Italy head coach Roberto Mancini insisted the Azzurri are not done yet after silencing their doubters to reach the Euro 2020 final.
Not since 1968 have Italy won the European Championship but they are one victory away from adding to their solitary Euro crown following Tuesday’s 4-2 penalty shoot-out triumph over Spain.
After the semi-final finished 1-1 at the end of extra time at Wembley, Italy goalkeeper Gianluigi Donnarumma saved Alvaro Morata’s spot-kick as Jorginho stepped up to convert the winning penalty in London.
Amid a national record 33-game unbeaten streak, Italy will face either England or Denmark in Sunday’s decider at Wembley.
“We’re delighted to have been able to provide this wonderful evening’s entertainment to the Italian people and now we still have one game to go and we want to do exactly that if possible,” Mancini – who has overseen a stunning transformation after Italy failed to qualify for the 2018 World Cup – said during a news conference.
“We knew that it was going to be a very tough match because in terms of ball possession, Spain are the best around. They caused us problems, we had to dig in when we needed to. We tried to score and create opportunities when we could it was a very open match and of course there were some issues because we didn’t have too much possession.
“However we wanted to make it into the final and we kept trying right until the end and as ever penalties are a lottery but I really want to take my hat off to Spain, they’re a wonderful team.”
Italy became the second team in the European Championship history after winners France at Euro 2000 to have five different players score two or more goals in a single tournament, following Federico Chiesa’s 60th-minute opener, which was cancelled out by Morata with 10 minutes of regulation remaining.
The Azzurri’s 12 goals at Euro 2020 is their joint-highest tally at a major tournament alongside the 2006, 1982 and 1934 World Cups. On each of those occasions, they left with the trophy.
Italy reached their 10th major final (World Cup and Euros), progressing to the decider of the European Championships for the fourth time (also six World Cup finals) – only Germany (14) have participated in more major finals amongst European nations.

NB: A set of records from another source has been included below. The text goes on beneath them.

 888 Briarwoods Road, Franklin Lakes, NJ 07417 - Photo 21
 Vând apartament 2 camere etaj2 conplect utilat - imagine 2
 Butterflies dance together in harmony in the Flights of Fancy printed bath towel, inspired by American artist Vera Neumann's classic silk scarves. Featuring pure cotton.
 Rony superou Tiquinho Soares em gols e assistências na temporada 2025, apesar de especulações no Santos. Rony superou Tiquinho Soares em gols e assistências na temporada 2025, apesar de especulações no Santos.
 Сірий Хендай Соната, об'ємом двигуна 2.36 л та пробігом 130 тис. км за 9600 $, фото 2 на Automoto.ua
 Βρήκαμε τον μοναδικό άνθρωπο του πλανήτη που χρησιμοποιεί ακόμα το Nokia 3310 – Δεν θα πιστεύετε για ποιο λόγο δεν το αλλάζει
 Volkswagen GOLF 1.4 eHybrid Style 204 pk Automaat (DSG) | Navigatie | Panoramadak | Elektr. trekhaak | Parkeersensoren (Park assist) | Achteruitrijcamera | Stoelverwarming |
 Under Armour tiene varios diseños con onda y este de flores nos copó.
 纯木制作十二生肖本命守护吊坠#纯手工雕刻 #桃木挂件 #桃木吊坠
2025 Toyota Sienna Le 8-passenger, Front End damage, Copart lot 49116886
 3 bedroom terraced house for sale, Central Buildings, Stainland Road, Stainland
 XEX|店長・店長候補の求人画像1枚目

Mancini said: “I must say that we are very happy about all of this, and I must thank the players because they have believed right from day one that we could produce something incredible. We haven’t yet done everything we need to, there’s still one step to go, and now we have to rest up because this really was very challenging.
“I did say to them before the match that this would be our hardest game of the competition, because when you go into your sixth match in such quick succession with all the travelling we’ve had to do, it does become very tiring. We certainly struggled with Spain’s ball possession and had some issues, but we wanted to make the final.”
“I think when you’re involved in such an intense World Cup or European Championship, there always comes a game where you will have to dig in to be able to win a match and suffer, because it can’t all be very smooth as our progress has been thus far going into the final four,” he continued. “So we knew that it was going to be a very tough match, and we knew that it was going to be this game that would be the tough one. That’s why I think the players, and everyone that has worked with us over the last three years deserve a lot of credit, because it wasn’t easy by any means. Almost no one believed we could do it. And yet we are into the final. We are pleased for Italians everywhere that have been following us over the last few weeks.”
Mancini added: “Everyone wants to do this. Occasionally it comes off, sometimes less so. But the players did want to do something different, they wanted to play a brand of football that people enjoyed and thus far they’ve managed to do exactly that. Difficult tasks are ultimately all the more enjoyable, and we are very happy to have made it into the final but we haven’t achieved anything yet. So we still have to wait.”